Reed's the smart guy. The big brain. Getting to the stars is just one project, not who he is. The phrase works a metaphor for his intelligence, but not his shapshifting/malleability. Sue's force field is a later addition, not her original power. Turning invisible doesn't say protective in that sense. It says stealth or supernatural or even scared.. Johnny isn't really a hot head. He the smartass. The practical joker. Ben's more prone to losing his temper than than Johnny. Ben might be the only one were his personality translates to his powers. He's a tough guy who became literally tougher.

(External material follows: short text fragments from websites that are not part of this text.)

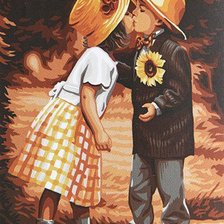 Схема вышивки «цалувка»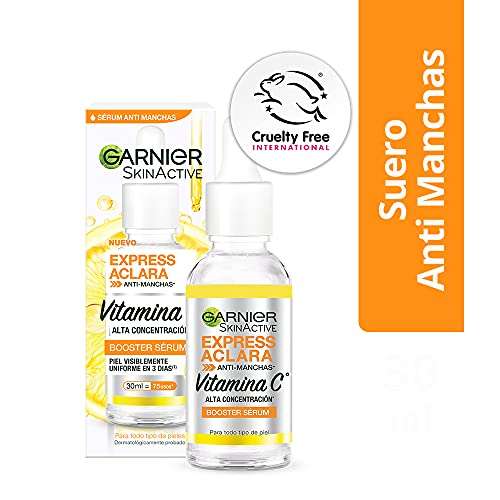 Amazon: 2 x 1 - Garnier Skin Active Express aclara booster serum anti manchas con vitamina c - 30 ml Serum (Prime + Planea y Ahorra)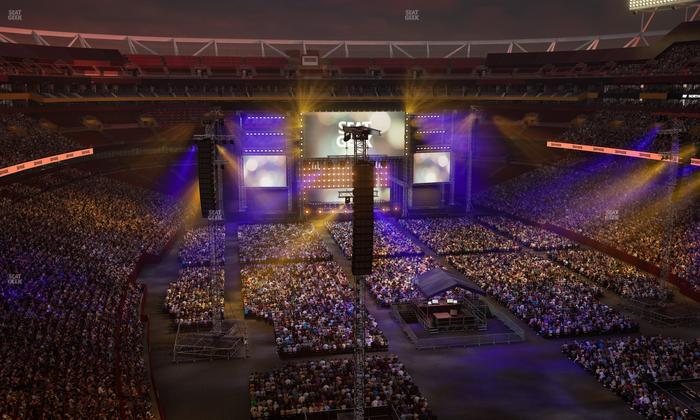 Northwest Stadium - Section Loge Suite East 416 Seat View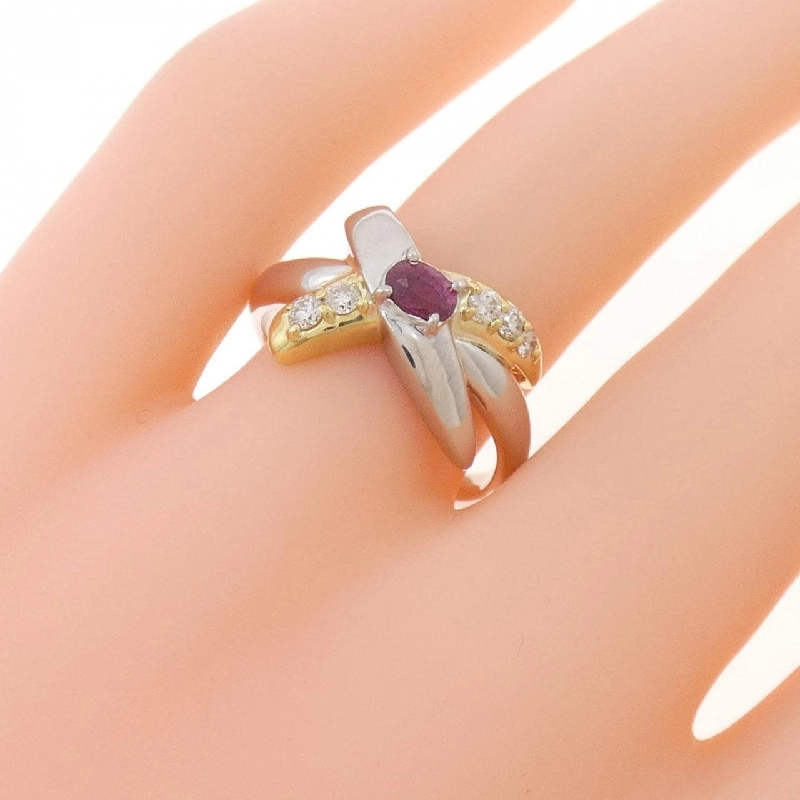 Nhẫn Ruby PT900/K18YG 0.37CT - Hàng hiệu Chính hãng 847418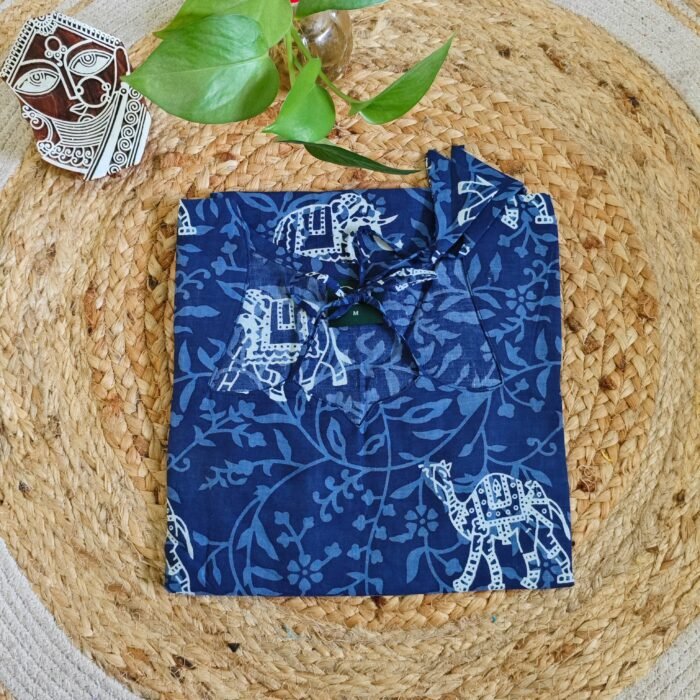 Indigo Cotton kurti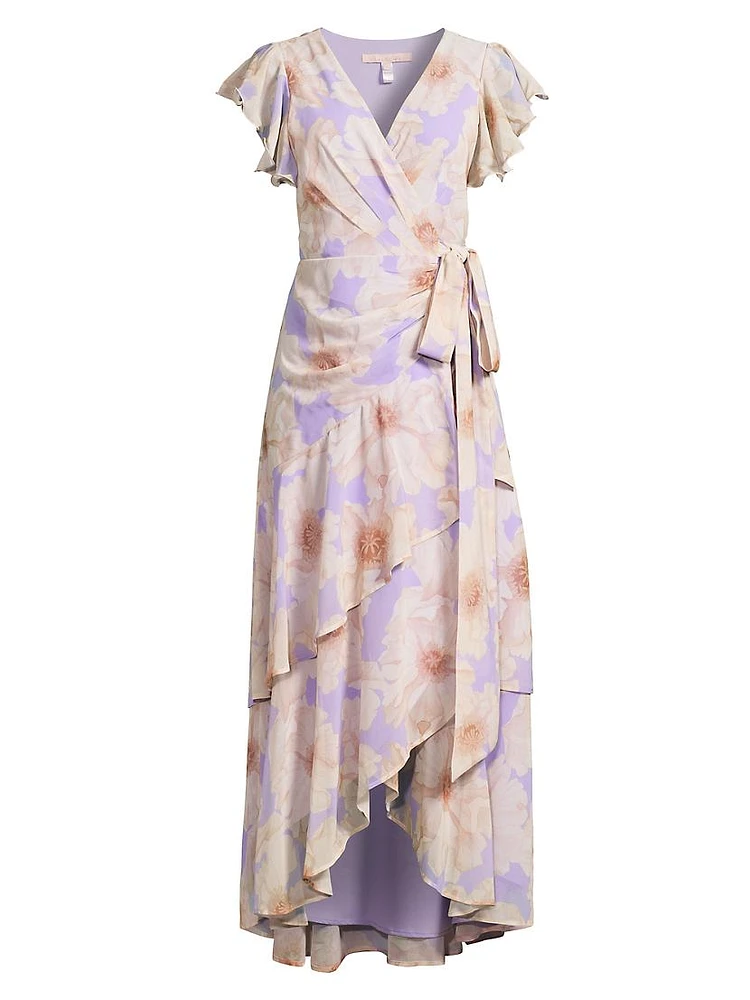 Cezza Floral Wrap Dress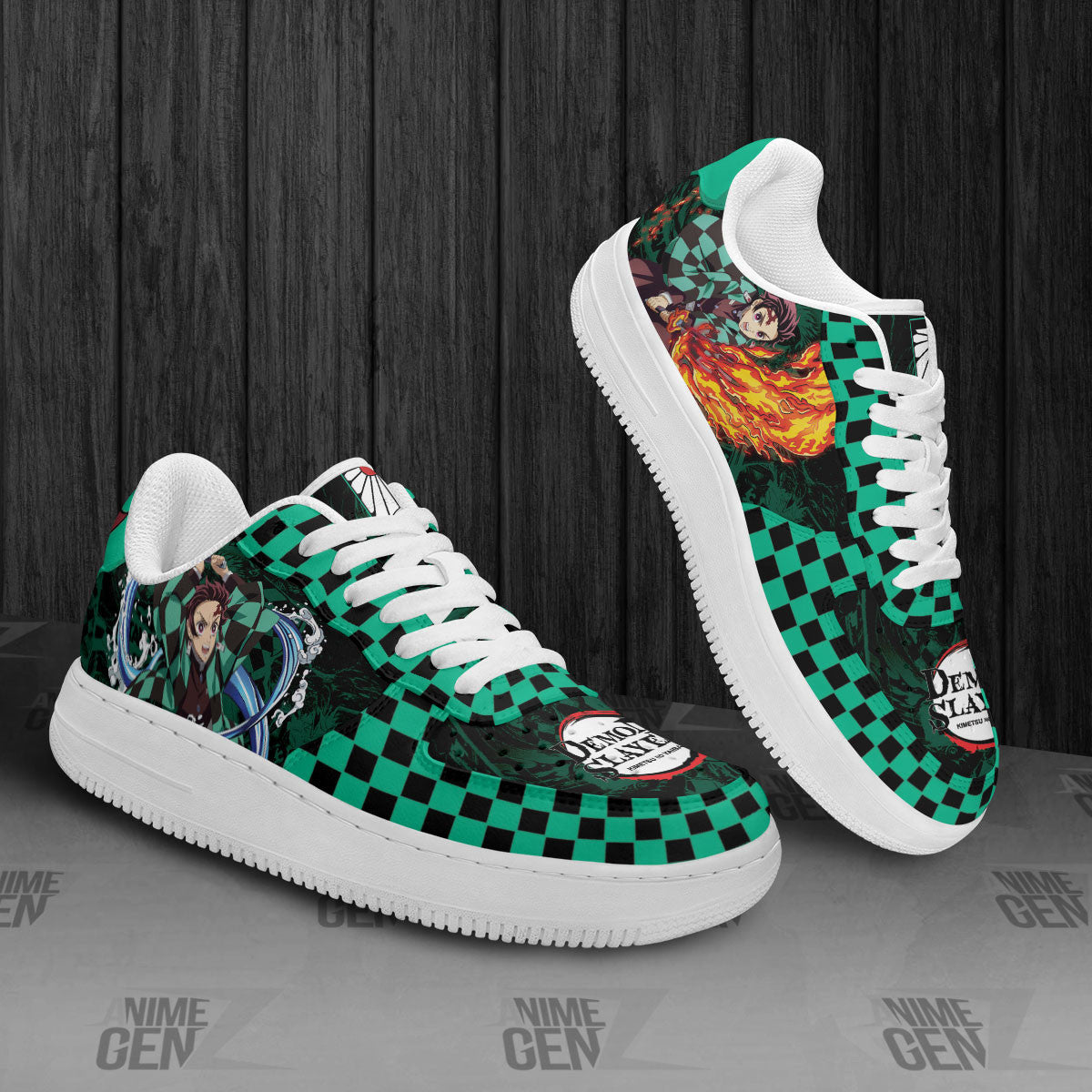 Demon Slayer Tajiro Air Sneakers Custom Anime Shoes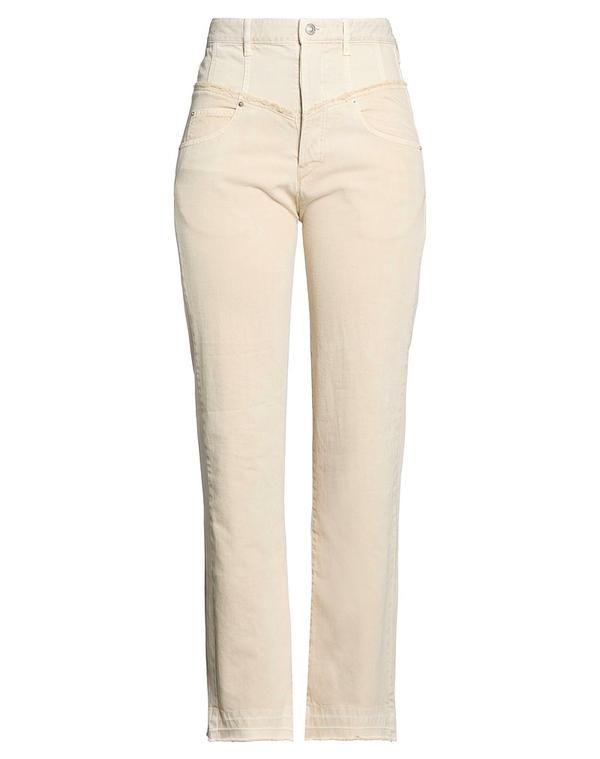 イザベル マラン レディース ボトムス デニムパンツ ストレートレッグ ISABEL MARANT Ivory アイボリー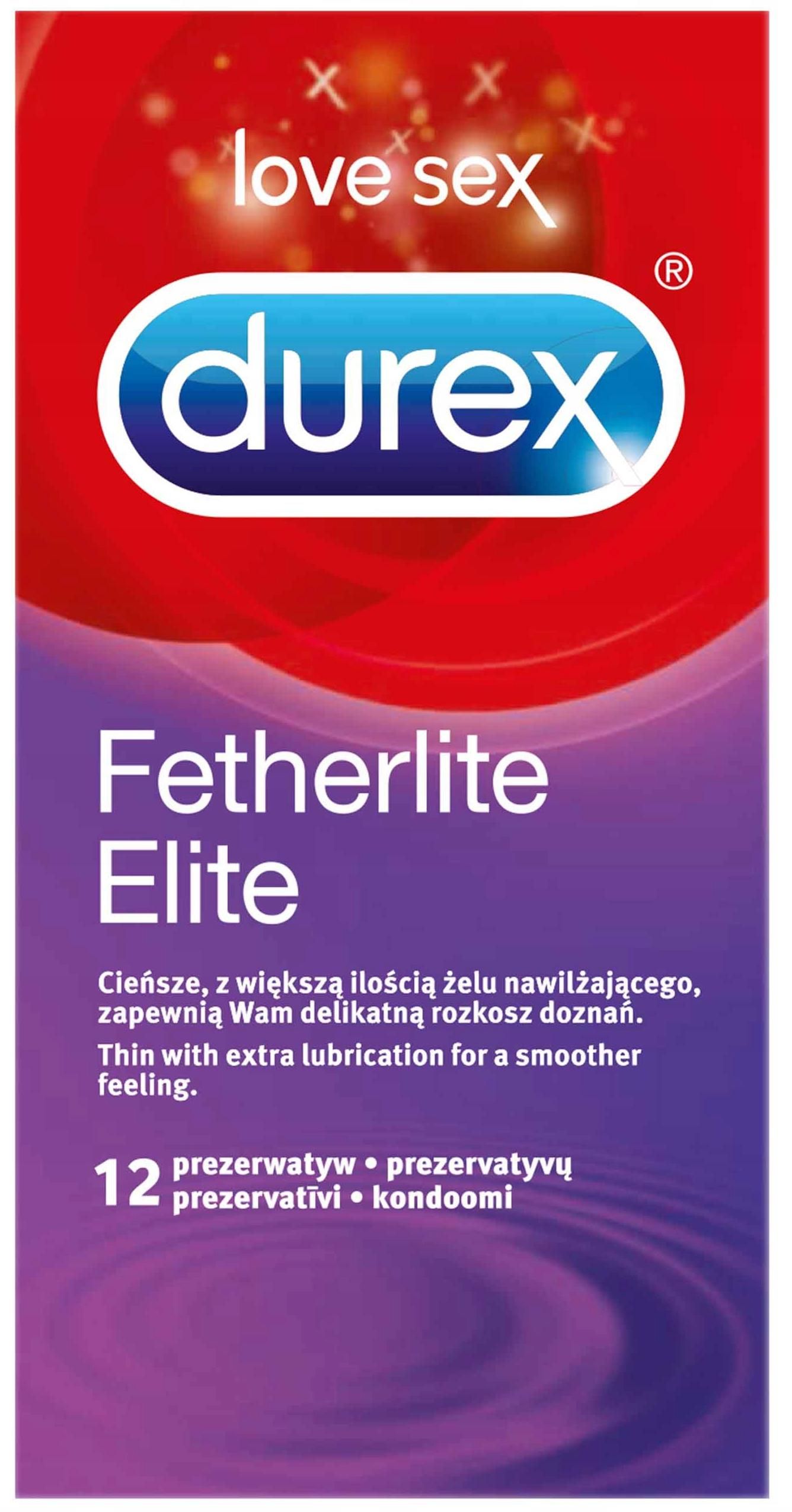 Durex Fetherlite Elite Condoms - 12 Pack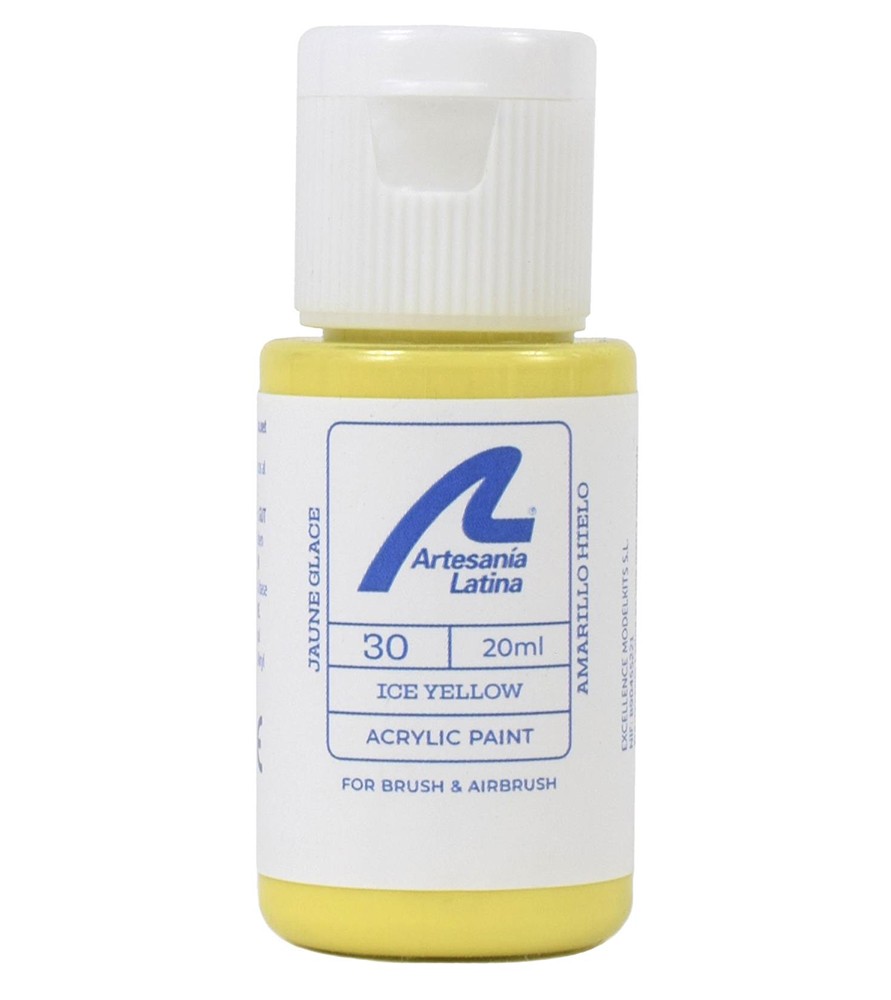 Vernice all'acqua: Giallo ghiaccio (20 ml)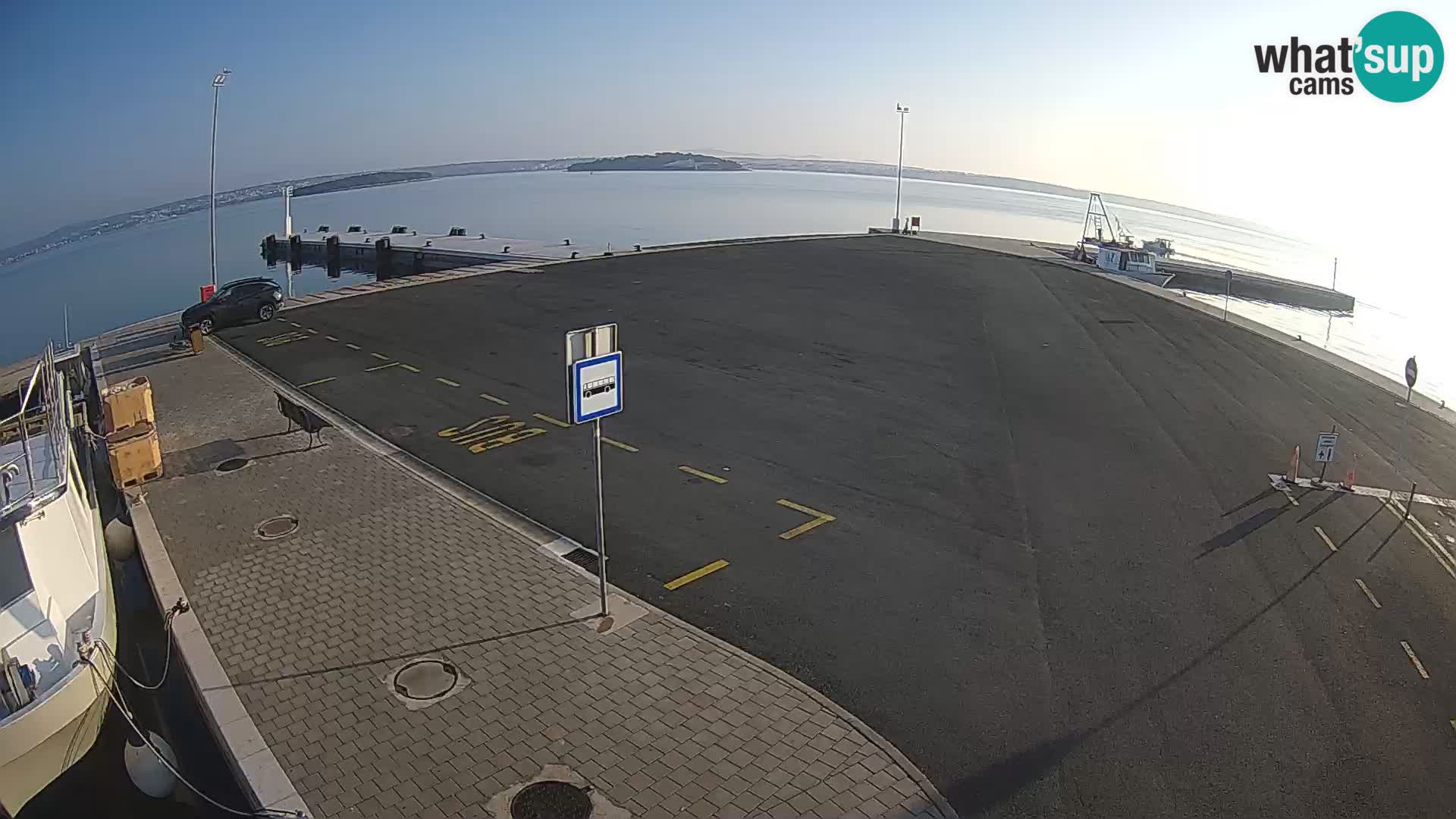 Tkon Live cam – ferry – Dalmatie – Croatie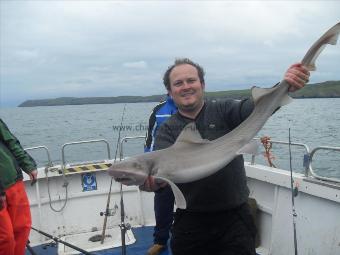 18 lb 8 oz Smooth-hound (Common) by Unknown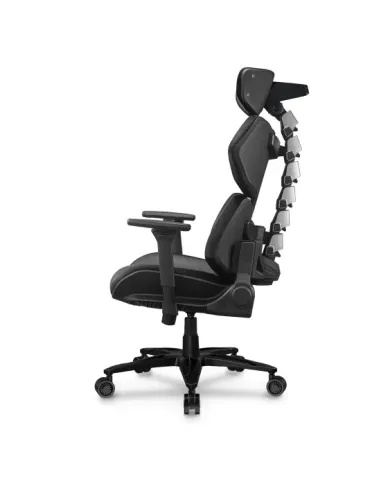 COUGAR Gaming Terminator Elite Silla para videojuegos de PC Asiento acolchado Negro, Plata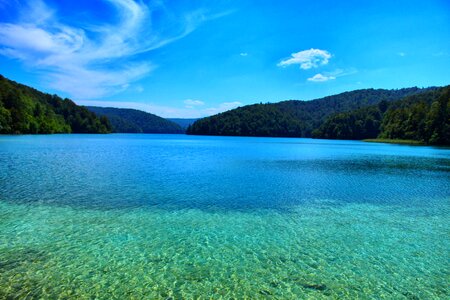 Plitvice water landscape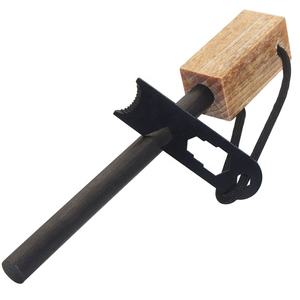 Equipo de supervivencia multiuso resistente, arrancador de fuego, resistente a la intemperie, ignífugo con mango de madera fatwood <span class=keywords><strong>tinder</strong></span> - Product Image 1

The metaphor only applies to one aspect of their personalities. Thomas also took it a step further in an issue of
What If? where he gave them different powers based on other aspects. Reed turned into a disembodied brain for obvious reasons, Sue got the stretching powers for reasons I forget, Johnny turned into a mechanical man because of his car hobby, and Ben gained wings because he was a pilot. The original configuration, though, has the added strength of its parallel with the four elements of antiquity.
So it's long past time people just admitted that this is normal now. There's no going back to the unjustly white-dominated casts of comics from the '40s and the '60s. This will be the way it happens for the rest of our lives, and it should be, because whites have already had their turn in the sandbox and it's long past time everyone got to play. So there's no point in making an issue about it anymore, because it's not going away, any more than women's suffrage or school desegregation or gay marriage is going away. There comes a time when you just have to face the fact that the debate is over and one side won.
What's really disingenuous is continuing to pretend that people who want to see faithfulness to source material are racists who want to go back to "white-dominated casts" and who are on "the other side." You've been told this before, but you're so desperate to be seen as an Enlightened White Male that you refuse to listen. Your self-righteous posturing doesn't impress anyone; it just alienates them.